A nurse from the capital’s La Paz University Hospital described the situation facing migrant workers: “These migrants are mostly poor and have a worse immune response … Living in badly ventilated apartments probably means that they are getting infected with a greater viral load, as well as having a worse diet and immune response. They are the ones who suffer most during this pandemic, alongside the elderly.”

In a testament to the irrationality of capitalism, despite a vast resurgence of the pandemic in Spain, around 2,000 jobs in health and social care were lost in September, according to public sector union Central Sindical Independiente y de Funcionarios (CSIF). Though the PSOE-Podemos government promised 50,000 new healthcare professionals would be hired to combat the pandemic, the Nursing Union (SATSE) estimates that Spain’s primary care centres still lack around 15,500 nurses.

Spanish hospitals are already struggling to cope with the surge in coronavirus admissions, which will only mount as the winter flu season nears. Warnings are already been made that hospitals will be overwhelmed this winter, as the second wave of COVID-19 coincides with a surge in flu patients.

Currently, one in five (18.8 percent) Intensive Care Unit (ICU) beds in Spain are occupied by coronavirus patients, according to Health Ministry figures. This rises to over a third of beds in the worst-affected regions of Madrid (37.43 percent), Aragón (34.20 percent) and La Rioja (33.33 percent). Provincial government data often paint an even starker picture: in Aragón, for example, over half (51.16 percent) of ICU beds were occupied by coronavirus patients.

COVID-19’s impact on the working class is not just medical, but also economic and social. A recent Oxfam report indicates that the pandemic will push a further 1.1 million Spaniards into poverty without greater action to protect education, health and social security.

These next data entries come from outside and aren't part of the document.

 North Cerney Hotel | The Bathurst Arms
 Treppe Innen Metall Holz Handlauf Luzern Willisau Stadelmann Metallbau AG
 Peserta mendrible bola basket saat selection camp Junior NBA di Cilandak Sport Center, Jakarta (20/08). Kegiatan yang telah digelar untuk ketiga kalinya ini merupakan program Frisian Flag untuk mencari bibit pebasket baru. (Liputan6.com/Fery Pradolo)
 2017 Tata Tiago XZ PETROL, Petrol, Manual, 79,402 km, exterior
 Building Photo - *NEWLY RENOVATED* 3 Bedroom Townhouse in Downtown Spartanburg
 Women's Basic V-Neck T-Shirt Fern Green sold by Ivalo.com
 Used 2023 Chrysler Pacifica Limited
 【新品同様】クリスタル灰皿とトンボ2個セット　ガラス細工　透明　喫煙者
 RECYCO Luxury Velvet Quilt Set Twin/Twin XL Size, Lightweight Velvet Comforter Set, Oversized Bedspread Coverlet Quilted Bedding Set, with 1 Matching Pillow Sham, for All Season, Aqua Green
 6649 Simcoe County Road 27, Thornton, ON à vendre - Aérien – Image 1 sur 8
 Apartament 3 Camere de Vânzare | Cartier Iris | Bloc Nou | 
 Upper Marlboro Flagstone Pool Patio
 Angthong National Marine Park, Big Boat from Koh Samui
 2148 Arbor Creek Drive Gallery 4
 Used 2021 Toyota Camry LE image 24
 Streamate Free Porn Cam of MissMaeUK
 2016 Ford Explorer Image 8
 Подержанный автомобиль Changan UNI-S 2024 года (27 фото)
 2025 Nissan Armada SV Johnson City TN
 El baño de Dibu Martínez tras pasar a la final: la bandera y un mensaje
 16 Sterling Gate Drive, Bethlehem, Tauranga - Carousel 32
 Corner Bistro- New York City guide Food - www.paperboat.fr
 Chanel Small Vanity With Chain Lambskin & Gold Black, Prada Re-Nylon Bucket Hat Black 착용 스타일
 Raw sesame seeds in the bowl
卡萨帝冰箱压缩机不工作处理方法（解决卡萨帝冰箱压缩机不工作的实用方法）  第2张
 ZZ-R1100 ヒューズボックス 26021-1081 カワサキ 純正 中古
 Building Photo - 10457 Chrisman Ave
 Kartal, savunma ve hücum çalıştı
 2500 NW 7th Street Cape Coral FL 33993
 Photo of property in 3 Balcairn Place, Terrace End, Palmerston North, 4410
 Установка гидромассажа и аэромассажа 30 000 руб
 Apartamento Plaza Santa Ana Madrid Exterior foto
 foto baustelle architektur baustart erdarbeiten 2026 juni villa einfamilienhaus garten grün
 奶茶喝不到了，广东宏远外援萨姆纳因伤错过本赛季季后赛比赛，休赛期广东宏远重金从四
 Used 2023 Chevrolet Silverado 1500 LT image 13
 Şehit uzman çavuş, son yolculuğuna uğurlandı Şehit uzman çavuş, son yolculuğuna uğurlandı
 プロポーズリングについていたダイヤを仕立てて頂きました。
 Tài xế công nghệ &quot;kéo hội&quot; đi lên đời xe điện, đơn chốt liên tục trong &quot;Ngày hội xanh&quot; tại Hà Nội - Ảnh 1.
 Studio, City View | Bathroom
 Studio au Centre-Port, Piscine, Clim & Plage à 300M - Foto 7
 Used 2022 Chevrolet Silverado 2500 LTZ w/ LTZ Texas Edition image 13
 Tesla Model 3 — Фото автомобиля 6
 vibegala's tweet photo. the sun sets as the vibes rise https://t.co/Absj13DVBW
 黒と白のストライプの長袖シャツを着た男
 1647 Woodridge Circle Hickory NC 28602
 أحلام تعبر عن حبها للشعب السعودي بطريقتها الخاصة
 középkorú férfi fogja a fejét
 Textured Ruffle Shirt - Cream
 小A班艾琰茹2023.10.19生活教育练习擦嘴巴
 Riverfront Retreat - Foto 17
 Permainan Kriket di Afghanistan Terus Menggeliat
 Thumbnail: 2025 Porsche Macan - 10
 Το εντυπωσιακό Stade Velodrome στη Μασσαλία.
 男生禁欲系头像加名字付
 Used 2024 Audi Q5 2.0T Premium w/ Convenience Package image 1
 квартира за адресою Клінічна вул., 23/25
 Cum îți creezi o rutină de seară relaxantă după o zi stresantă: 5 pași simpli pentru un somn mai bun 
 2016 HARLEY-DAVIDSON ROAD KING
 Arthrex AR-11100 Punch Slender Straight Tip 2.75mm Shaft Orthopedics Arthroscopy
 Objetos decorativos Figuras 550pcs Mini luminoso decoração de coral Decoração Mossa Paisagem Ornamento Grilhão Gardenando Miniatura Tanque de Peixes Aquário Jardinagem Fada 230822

This would bring the number of workers in Spain in poverty to 10.9 million, up from a fifth (20.7 percent) of the population before the pandemic to almost a quarter (23.07 percent).

International Monetary Fund (IMF) projections indicate that Spain’s economy is on the verge of collapse, having seen the largest drop in GDP this year of all advanced economies. Spain’s deficit will rise to 14.1 percent of GDP this year and its national debt to 123 percent, remaining at around 120 percent of GDP until 2025. Spain’s economy will not recover to pre-pandemic levels until at least 2023, the IMF predicts, after contracting 12.8 percent in 2020, the biggest decrease in Spain’s history and the largest in the euro zone.

The IMF also predicted that Spain’s unemployment figures will not return to pre-pandemic levels until 2026. Unemployment in Spain will remain at 16.8 percent this year and the next, the IMF predicts, making it the second-worst country in Europe after Greece (19.9 percent). Around 965,000 jobs were destroyed in Spain this year due to COVID-19; the IMF forecast that only one in five, or 187,000 jobs in total, will be recovered next year.

Between November 1 and the end of 2020, hundreds of thousands of Spanish workers will likely be made unemployed, as a clause in Spain’s ERTE furlough scheme requiring employers to keep workers on payroll comes to an end. The General Council of Administrative Agents of Spain expects 200,000-300,000 job losses—in addition to the loss of around 150,000 self-employed workers’ jobs—with shop, hospitality and restaurant workers worst affected.

Thousands of job cuts have already been announced across Spain, particularly in aviation and manufacturing. Aerospace company Airbus plans to lay off 889 workers in Spain, while ITP Aero will make 600 unemployed and Aernnova will fire 950 workers, including 650 in Spain. Indra, a firm specialising in aviation, information technologies and defence systems has initiated proceedings to lay off 6,000 workers.